Humans have about 6000 spoken languages on Earth as of March,
2015 – 6001 if you want to include rap. We're in quite the hurry to build
translators that would help us understand one another - anything to avoid years of high
school classes that lead to stronger brains but also bad foreign names and poor
attempts at cooking.
In some ways, our translators have already passed those of Star
Trek, but in others ways we're far behind. Most of our problems have to do
with understanding just what things all languages have in common and what things
are purely cultural, contextual, and completely without precedent. Let’s take a
look at our efforts so far.
If you watched Star Trek, you may already realize the way we
have surpassed some of their technology. The UTs of Kirk and Picard were for
spoken language only. They still had to keep a crew member as a translator to
figure out what signs meant on another ship or how to interpret alien consoles.
We already have that licked.
Google has one (Google Goggles, now Google Translate for
Android), and there’s an app for that on the iPhone/iPad (called Word Lens,
from Quest Visual, bought by Google Translate in 2014, see video below).
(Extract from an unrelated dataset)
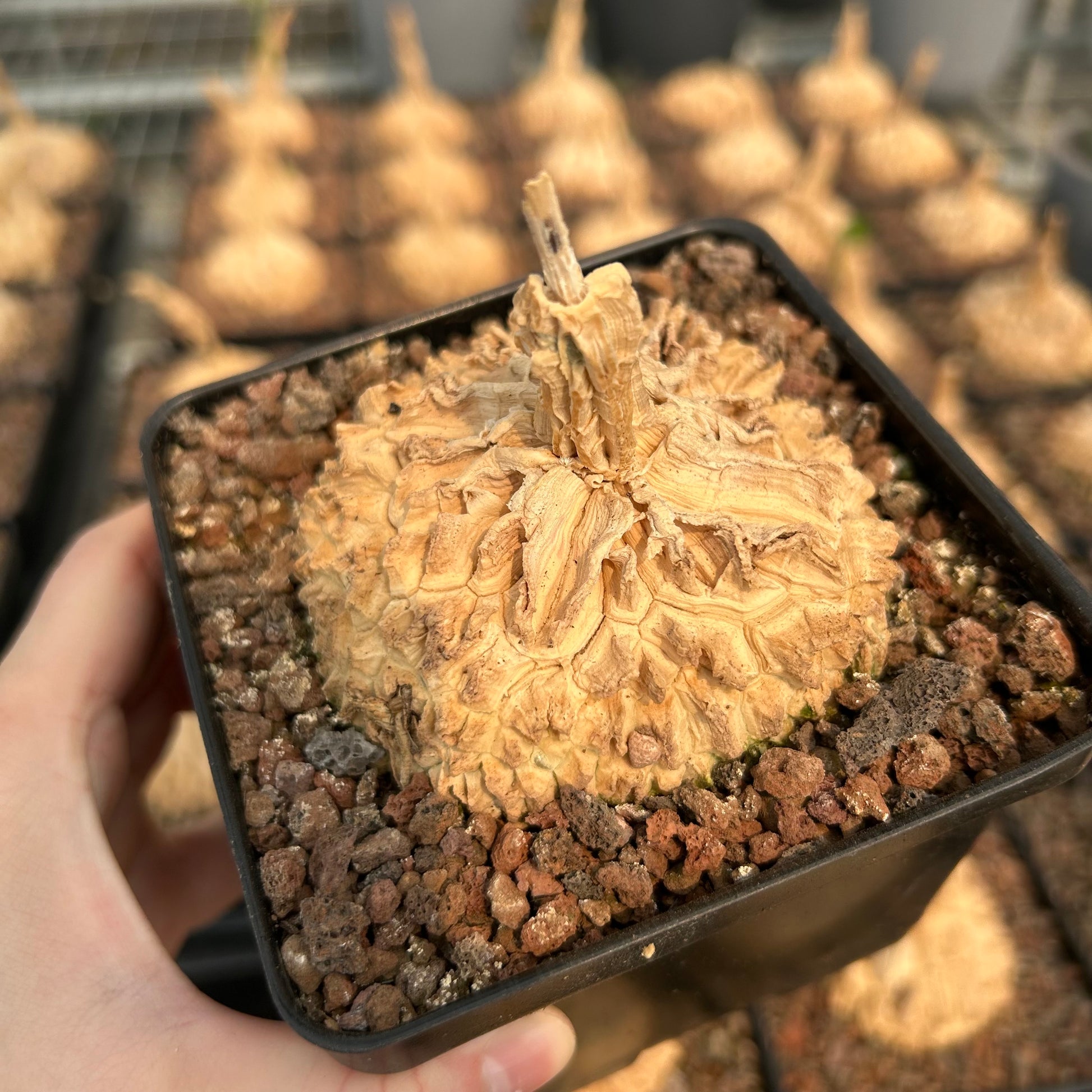 Matelea cyclophylla | Seed-grown | W6-7cm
And of course we have translators for written words – you
type in what you want to say, and the software gives you a reasonable (meh)
translation. Try translating a phrase in and out of a language several times
and see what you end up with – it’s like a multicultural game of telephone
operator.
The latest amazements are the vocal translators, but only for
languages we have programmed in. Skype
translator was introduced in late 2014. You speak in Spanish or English
while having a video chat. On the other end, it comes out in English or
Spanish. Why? Because that’s the only translation they offer as of now. How? It's based on speech recognition software. It also gives you a written transcript of
the conversation so you can post all the hilarious errors on Twitter (like for
autocorrect).
It’s in the vocal translation arena that the Star Trek UT
excelled. It was so good it that the TV series just accepted that the translator was there, never broke down, and let us hear everything in English.
They didn’t even bother making the aliens’ lips (if they had them) move out of
synch with the English translation!
In principal, the Federation members would have their new alien
acquaintances talk into the translator for a while. The device, using deciphering
algorithms and the linguacode matrix (invented
by an Enterprise linguist), would learn it and then translate it. This seems hinky to me.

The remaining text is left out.